5 property investing mistakes to avoid as a parent

Josh Masters

Author, Director and Founder, BuySide Buyers Agency

Josh Masters, Buyers Agent at Buyside explains five property investing mistakes to avoid as a parent. 

What if they can’t get in to the market?

What if they can never afford a property?

What if they have to rent for their whole lives?

Having recently interviewed a number of our top clients to really understand what was driving them to invest in property, many stated clearly that it was about their children and the fear that they may never be able to get a foothold.

While many of our clients were investing in property to supplement their future income in retirement, almost all of them stated that they wanted to pass something on to the kids, not just as a gift, but to give them a leg up into a market that may one day be seriously out of reach without some assistance.

Having had my first child only last year, I know how it feels to want to provide for the family. You don’t want to hand them their life on a silver platter and not appreciate it, but you also want to provide them with the resources that will at least give them the freedom to choose and to create a great life for themselves.

Admittedly, while parents want to help their children, that doesn’t always mean a handout. Some are happy to gift their children an investment when they come of age while others seem more inclined to pass on enough equity to provide them with the deposit they needed and have the children make the repayments.

Either way, for those parents who are considering investing in the market with their kids in mind, here are 5 of the top mistakes that you should try and avoid when investing for the offspring.

1. Buying it to live in

Despite your undying wishes to have your children live out their lives as close to you as possible, there’s a good chance that by the time they get old enough to leave home the last thing they will want to do is live in the same neighbourhood as you (which is invariably where you will probably try to buy). They will probably not even go to the school or university you think they will go to (if it’s still there) and they may not even want to live in the same city or country.

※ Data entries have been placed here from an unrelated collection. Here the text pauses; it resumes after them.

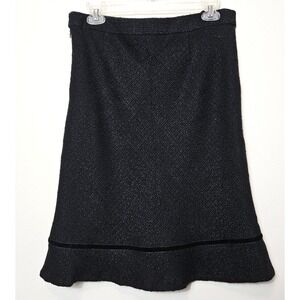 Gap Womens Black Tweed Skirt Size 6 A-Line Wool Blend Lined Wave Hem Office Core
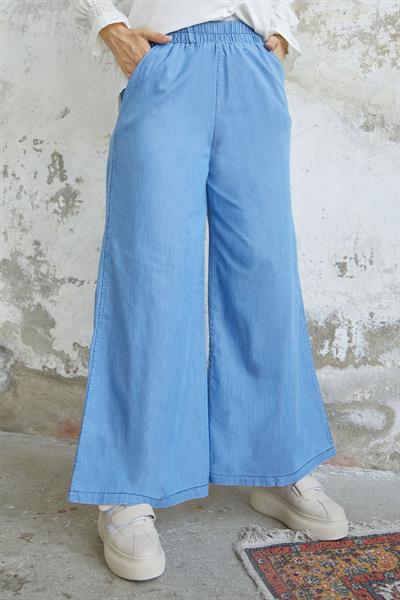 Devi Bol Paça Kot Pantolon - Açık Mavi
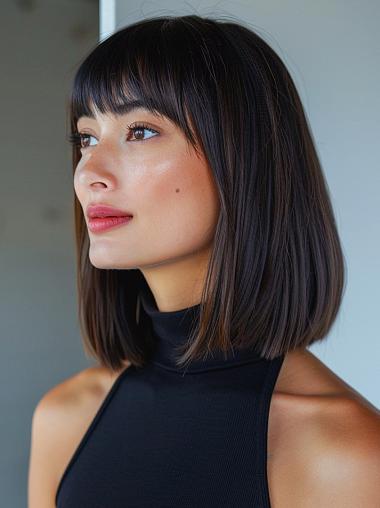 Ladies Medium Length Real Hair Wigs Brown 12" Straight Lace Front Wigs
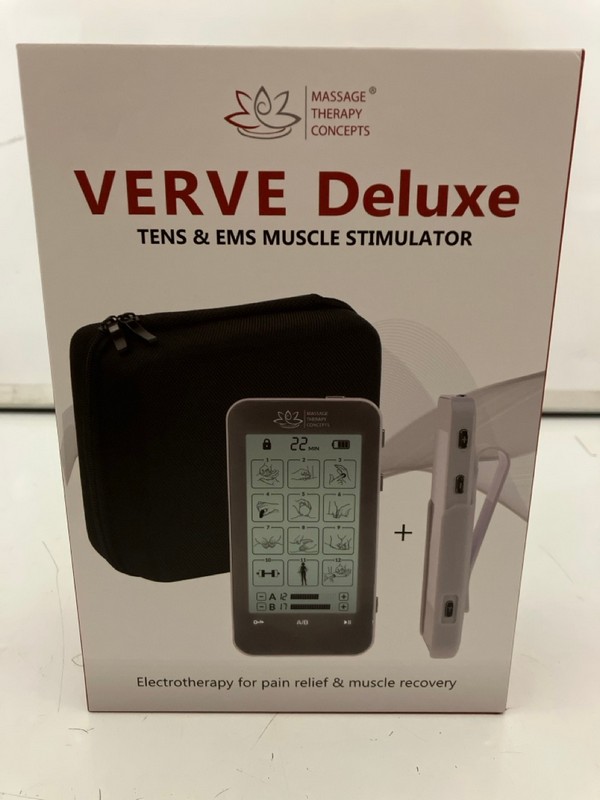 Lot 224  
            Nottingham SR7 - Delivery Only 

                
MASSAGE THERAPY CONCEPTS VERVE DELUXE TENS & EMS MUSCLE STIMULATOR ORIGINAL RRP: ...
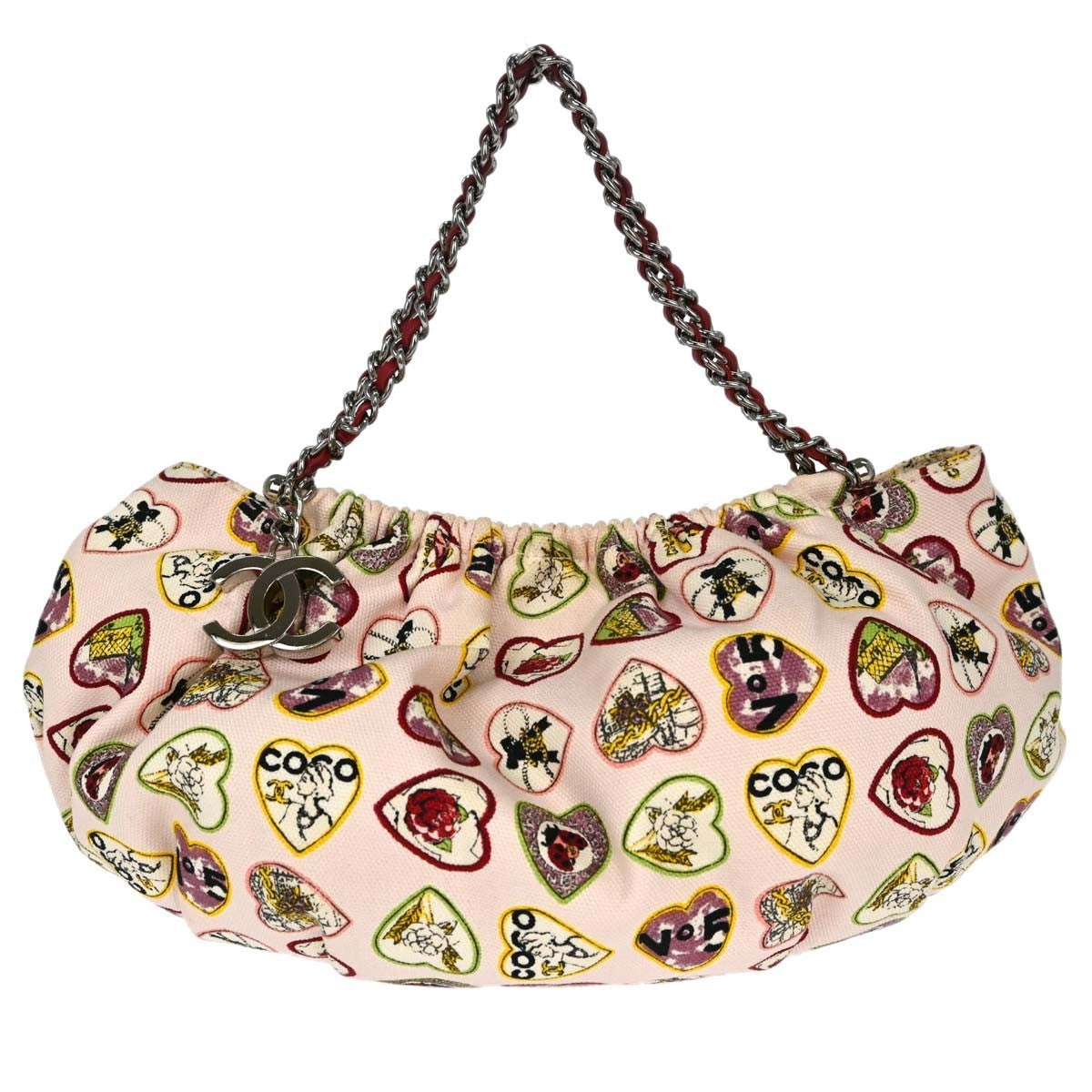 Chanel Valentine Hobo Printed Canvas Pink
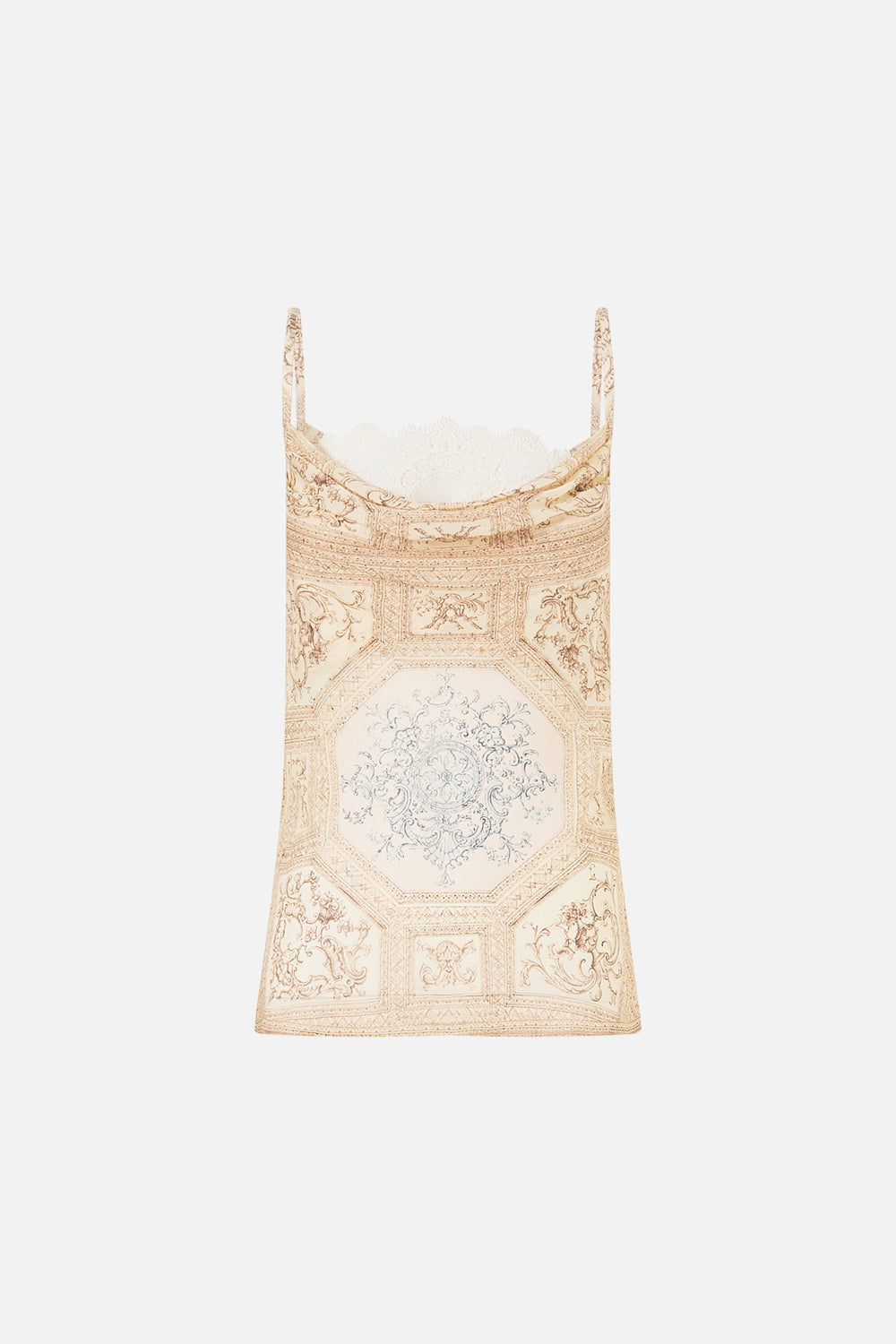 The CAMILLA COWL NECK CAMI WITH LACE A BELOVED BOUDOIR in our  print.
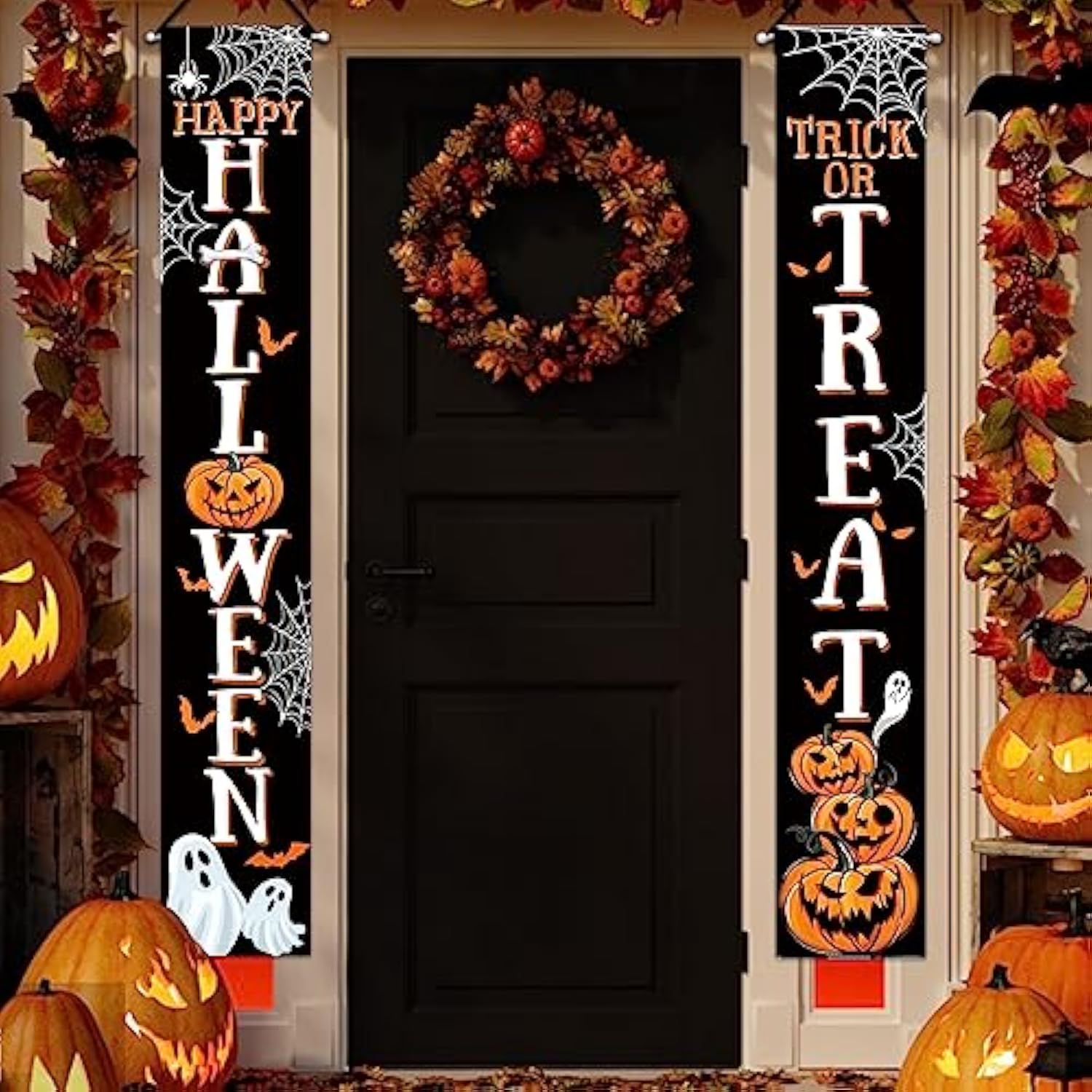 Halloween Porch Banner: Trick or Treat Decor, Jack O'Lantern & Ghosts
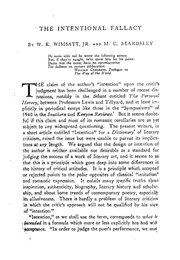 The Intentional Fallacy (William K. Wimsatt, Monroe Beardsley)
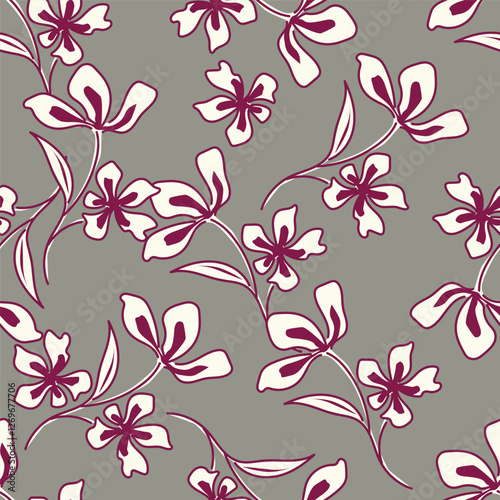 Vintage seamless floral pattern. Liberty style background of small pastel colorful flowers. Small flowers scattered over a white background. Stock vector for printing on surfaces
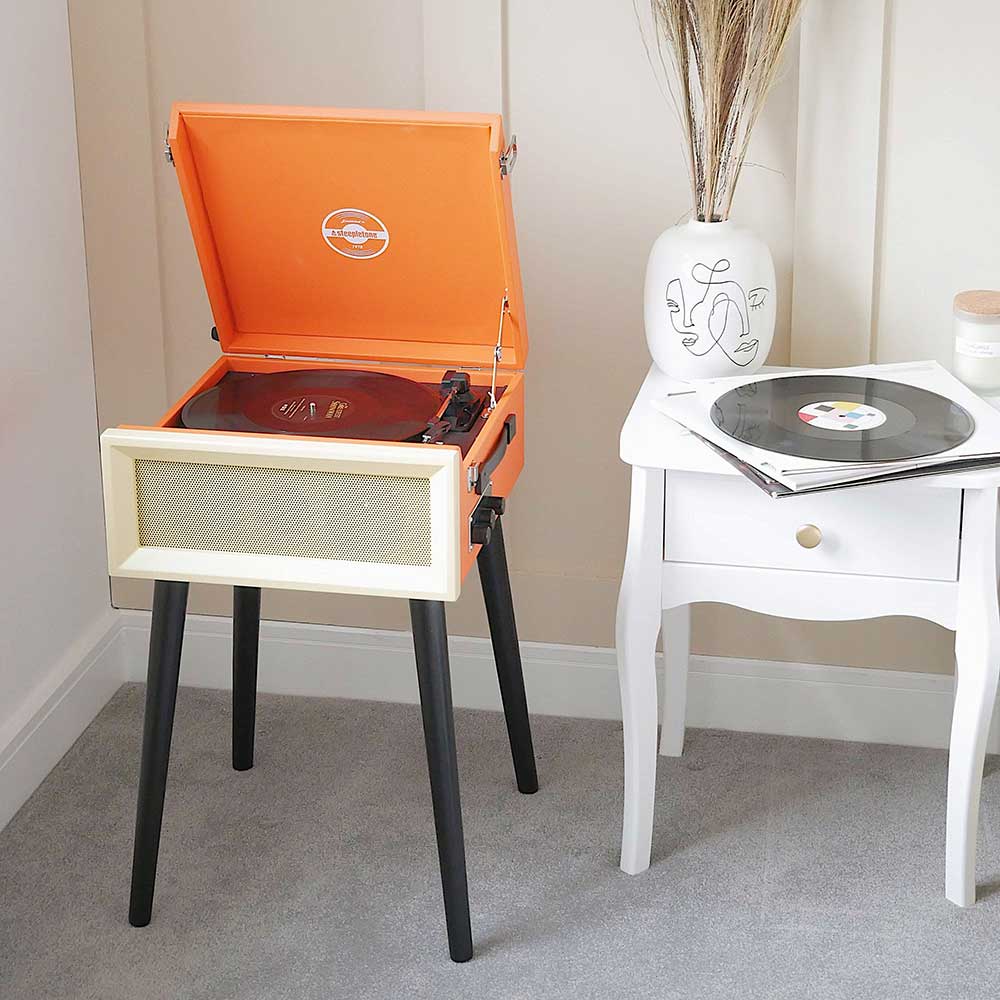 Steepletone Original SRP1R-XP Orange Vinyl Record Player on Legs with Bluetooth Playback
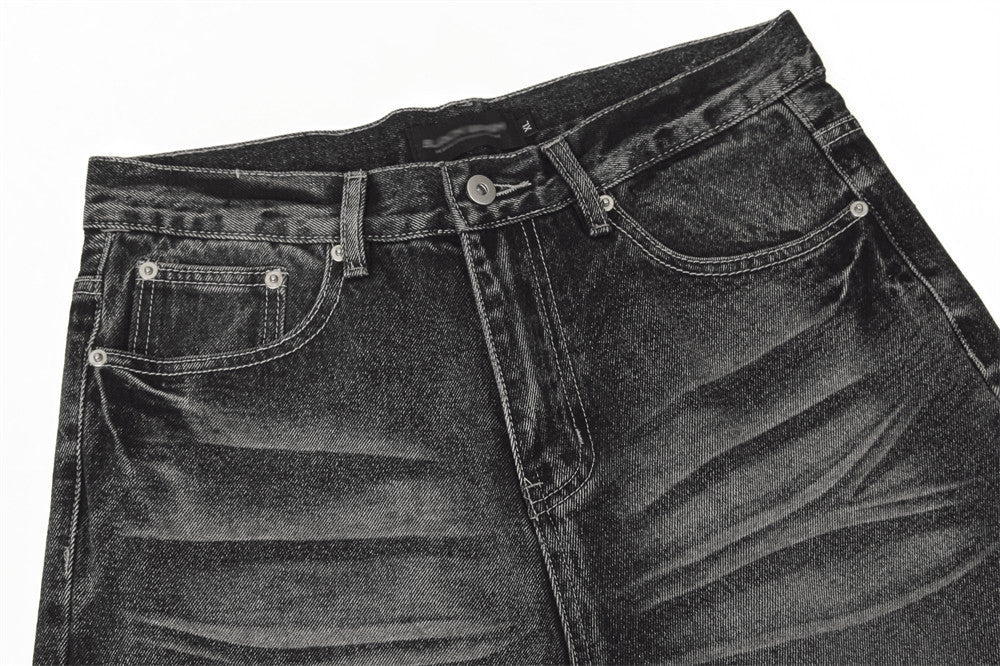 MONO//FIT water ripple jeans men in a stylish black wash with faded details and classic five-pocket design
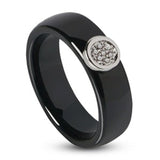 Womens White Ceramic Ring Black Exquisite Zircone Engagement Jewelry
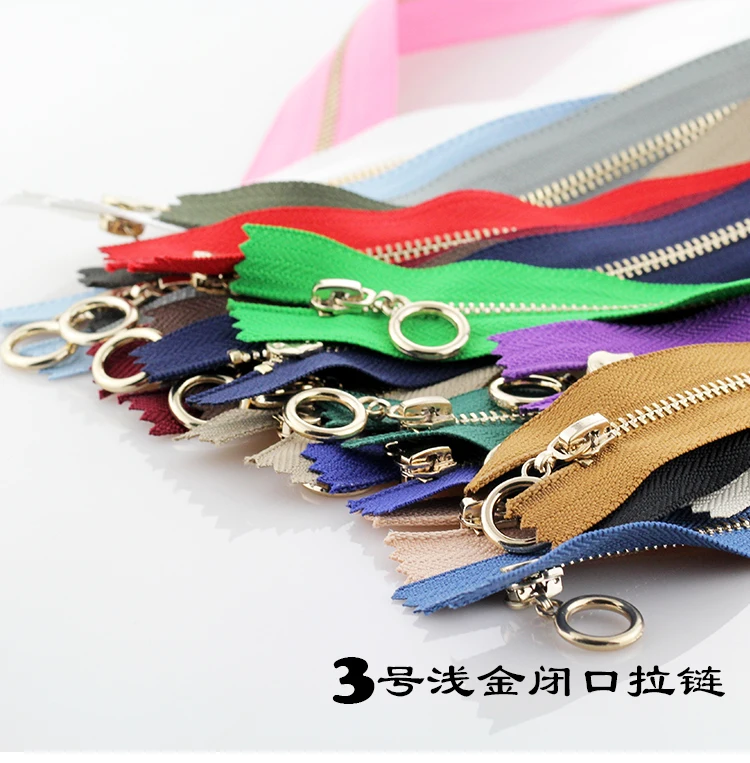 Металлическая молния 3 # для шитья медная короткая сумок карманный кольцевой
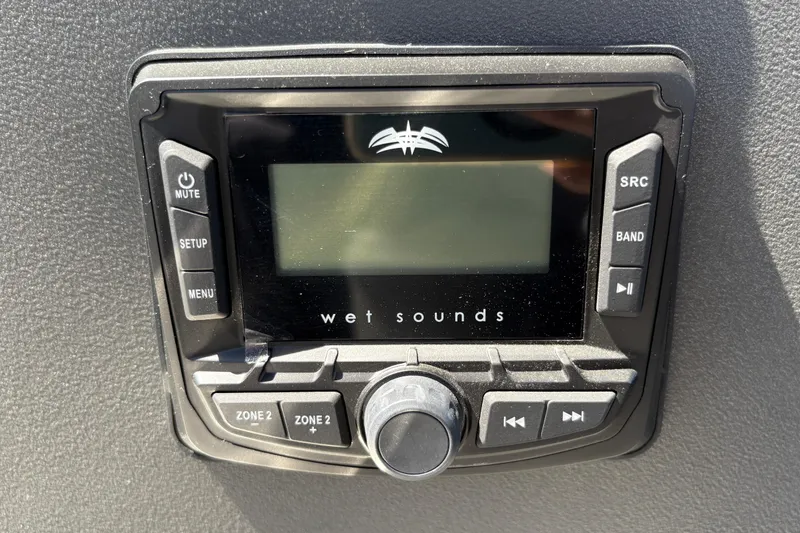 Slide: The Image of Wet Sounds audio system on 2026 Sun Tracker Bass Buggy 18 DLX boat dashboard. - 23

So do your child a favour and rather than think of the property as a place to move them in to, try thinking about whether it will grow in value and attract a good tenant. They’ll definitely thank you for that.

2. Not thinking about affordability

While you may want to buy in the areas you know because, well, you know them, they may not be affordable for your kids to own if, and when, you pass the property on.

You don’t want to force your kids to work day and night shifts at the local restaurant just to make the repayments. Keep the purchase price at a level where, if you wanted to hand over the reigns on the mortgage and teach them some responsibility, then it would be financially possible to do so.

3. Not focused on quality

The worst thing you could do to your children to turn them off investing for life is to give them a property that is more trouble than it’s worth.

It’s one thing to try and make repayments responsibly, but if you have the tenant from hell or a property in such a state that you could push it over in a light wind, they will only be discouraged to buy another one.

A property in any area will have a good pocket and a bad pocket regardless of price. Make sure you stick to the good pocket if you want to encourage them to buy again.

4. Chasing yield rather than growth

While it can be admirable to want to have them focus on getting a little extra cash in their pocket from an investment, the beauty of having youth on their side is that the power of compounding works so well.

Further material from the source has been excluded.